Thanks, I hope your posts help someone who has that scenario to deal with.
Oh, yes, sir. I hope so too. This led me on a merry hunt for a good little while! I never thought to put the env variables in my build scripts. It happens.
I hope I was able to explain clearly enough. English is not my first language.
For windows users. HUGO_ENV=“produciton” need to do so:
set HUGO_ENV=produciton hugo server
Using environment variables in code may not an advisable approach for those building following Twelve-Factor App principals, which state about config:
Apps sometimes store config as constants in the code. This is a violation of twelve-factor, which requires strict separation of config from code. Config varies substantially across deploys, code does not.
As an alternative consider instead passing config to app via hugo bin flags at build time, a common approach seen in the PHP and Ruby web development communities.
I’m only posting this for anyone (like me) who can’t be bothered setting up environment variables to exclude Google Analytics.
uBlock (and other ad-blockers) blocks Google Analytics by default.
Or if you’re against using ad blockers Google offers the Google Analytics opt-out extension
Both solutions work when
hugo server is running.
I didn’t suggest setting the environment in config.
My post is mostly advisory for others. Getting the job done is step one. I did see a snippet above where env vars were being embedded in code (and not config), which is why I dropped the 411. Of course practicality usually trumps ideal design in my book any day. No harm no foul.
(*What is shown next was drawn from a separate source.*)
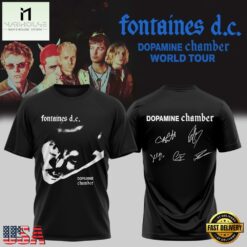 Fontaines D.C Dopamine Chamber Tour Signed T Shirt, Popular 3D Music Tee Fontaines D C Dopamine Chamber Tour Signed T Shirt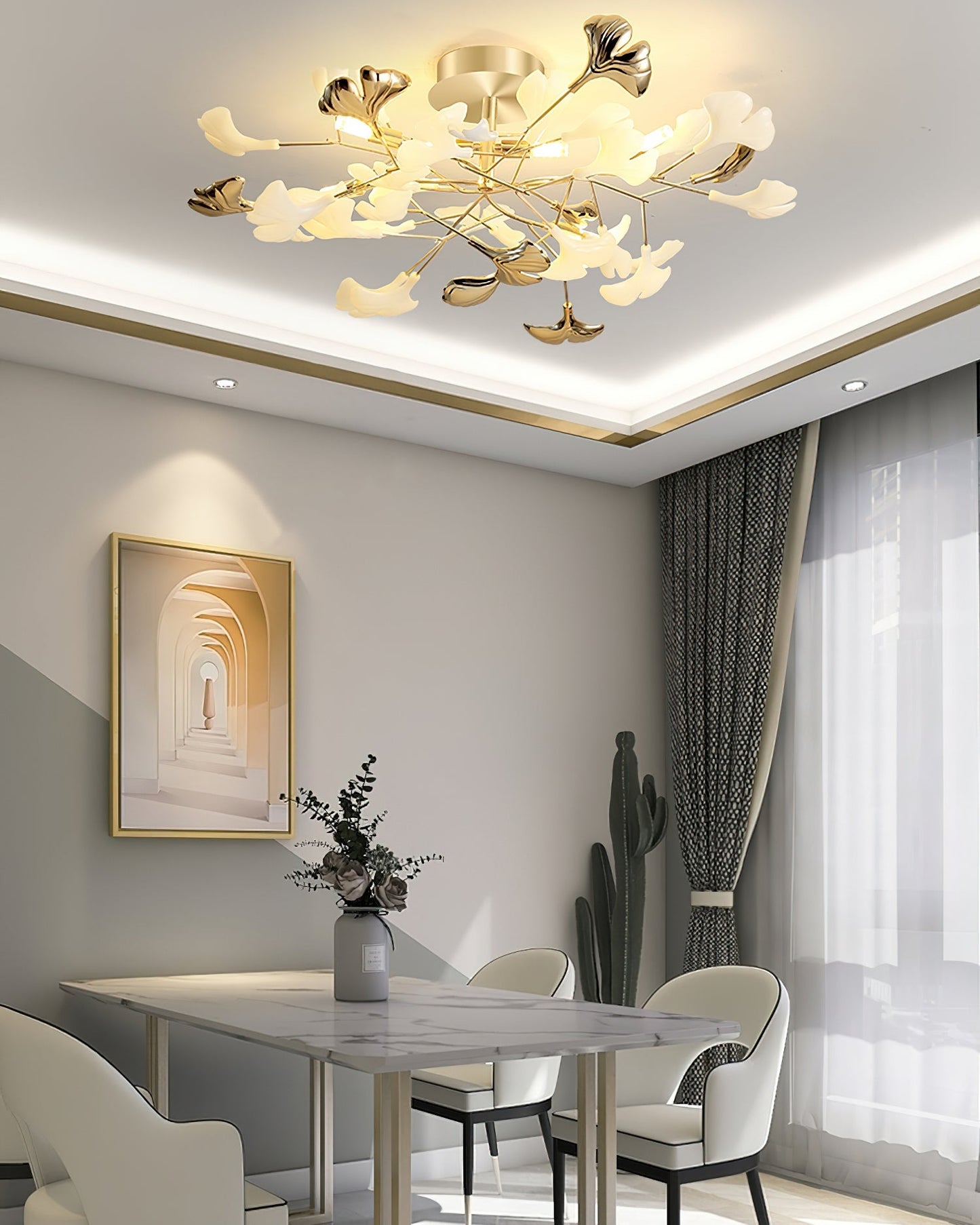 Gingko Rotating Ceiling Lamp - Nuvé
If you use an environment config I suggest not using environment names—they do not scale cleanly. Instead, a more flexible and scalable approach is to create an envrionment-based config file such as
config.dev.toml, set the
googleAnalytics config to the empty string (to disable it) and point to the environment config via CLI flag when running
My website is not an app, 12-factor or otherwise.
I am noting that so other folks don’t see the link and presume that is a best practice. It is a practice following a particular methodology.
Hugo is an App. What it produces is a Website. And the App which generates a Hugo site—be it yours your someone else’s—will not scale cleanly using environment-based config in the template files for the reasons I indicated above, and based on 10 years of enterprise development experience.
Stumbled on this thread after having the same problem and just read through this - is there any downside to making a PR to Hugo to replicate the Disqus logic in the GA template? I’ve got the code working locally and it’s building on an existing pattern.